### Your objective
Your output must be the lines below from the line containing "Demonstrativ gute Laune" to the line containing "bathroom with a", both lines included, reproduced exactly and without pictures.

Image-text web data
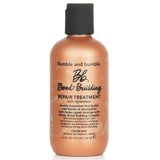 Bumble and Bumble hair treatment in 125ml bottle, designed to repair damage and hydrate all hair types with Honey Bond Complex.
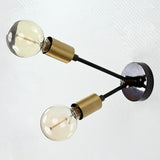 Modern Industrial Customizable Wall Sconce | Dual Brass Arms with Exposed Bulb Accent Lighting - 32550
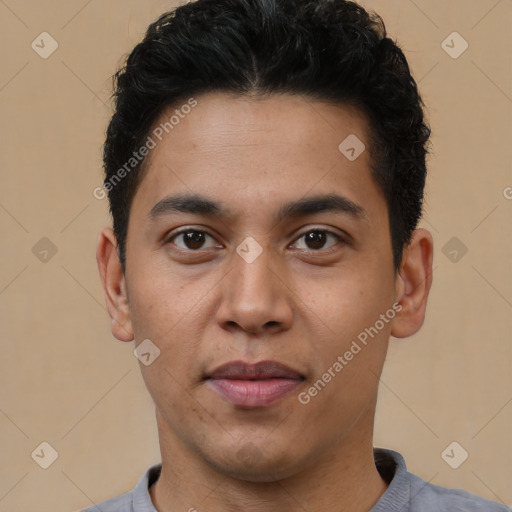 Joyful latino young-adult male with short  brown hair and brown eyes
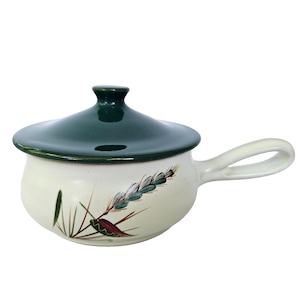 May include: A ceramic soup bowl with a dark green lid and handle. The bowl is off-white with a painted floral design in shades of green, red, and brown. The handle is a loop shape, and the lid has a rounded knob.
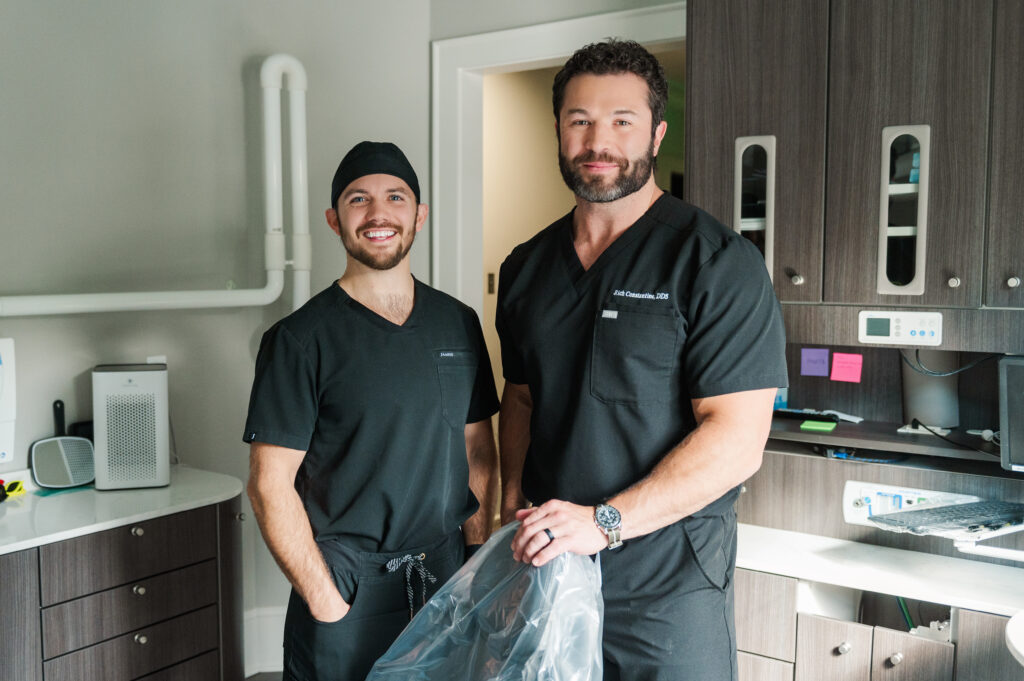 Dr. Henley and Dr. Constantine standing in a dental procedure room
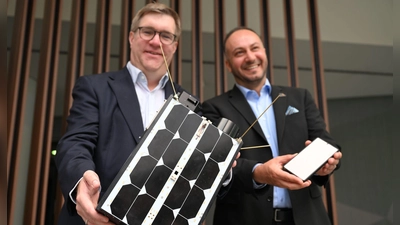 Demonstrativ gute Laune von O2-Manager Jörg Kablitz und OQ-Chef Omar Qaise, die bei der Vorstellung ihres Vorhabens ein Modell eines Satelliten dabeihatten.  (Foto: Wolf von Dewitz/dpa)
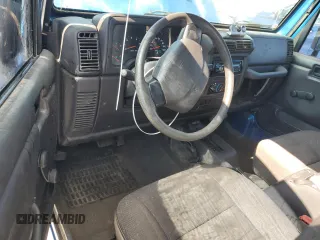 2002 Jeep Wrangler X with VIN 1J4FA39S92P776435, listed as a Copart auction lot 62792235 with 182,385 mi miles and Salvage title. Bid and sale history available at DreamBid. Image 8.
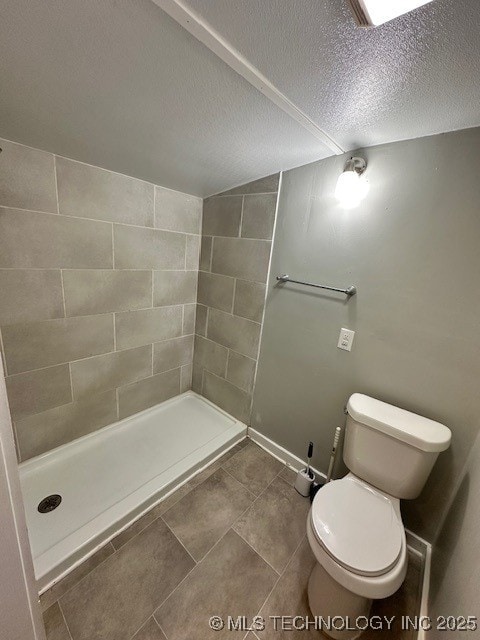 bathroom with a tile shower, a textured ceiling, and toilet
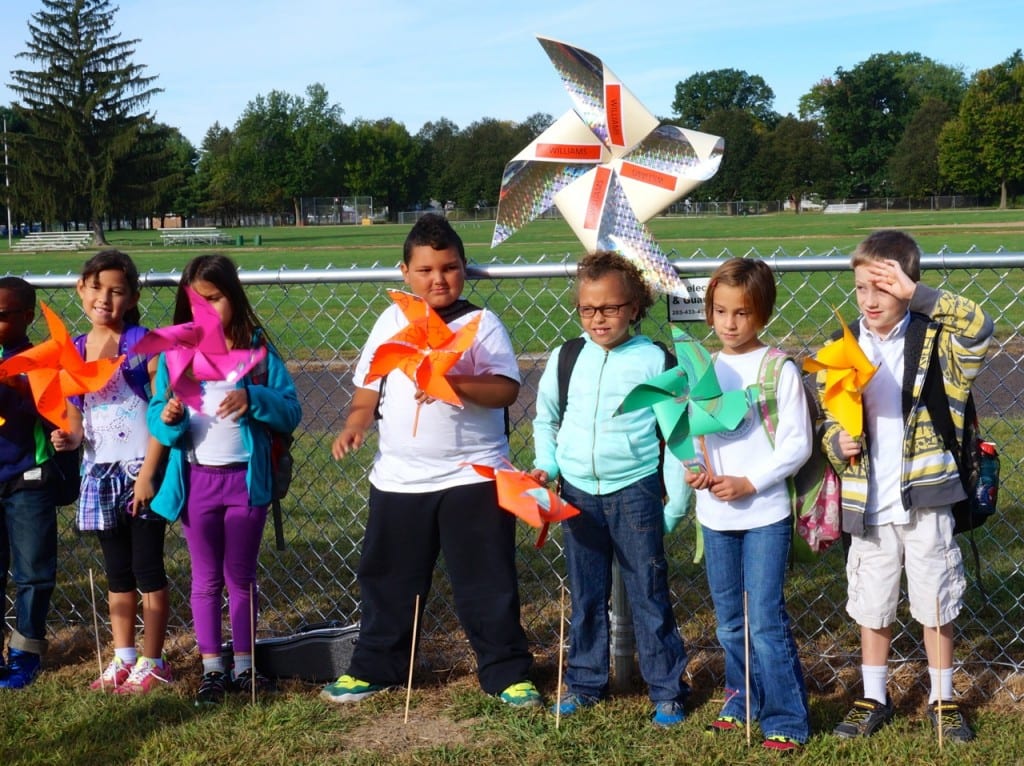 Students pose for a photo with their class before planting their pinwheels for peace. Photo credit: Ronni Newton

### Response to the task
 Demonstrativ gute Laune von O2-Manager Jörg Kablitz und OQ-Chef Omar Qaise, die bei der Vorstellung ihres Vorhabens ein Modell eines Satelliten dabeihatten.  (Foto: Wolf von Dewitz/dpa)
 2002 Jeep Wrangler X with VIN 1J4FA39S92P776435, listed as a Copart auction lot 62792235 with 182,385 mi miles and Salvage title. Bid and sale history available at DreamBid. Image 8.
 bathroom with a tile shower, a textured ceiling, and toilet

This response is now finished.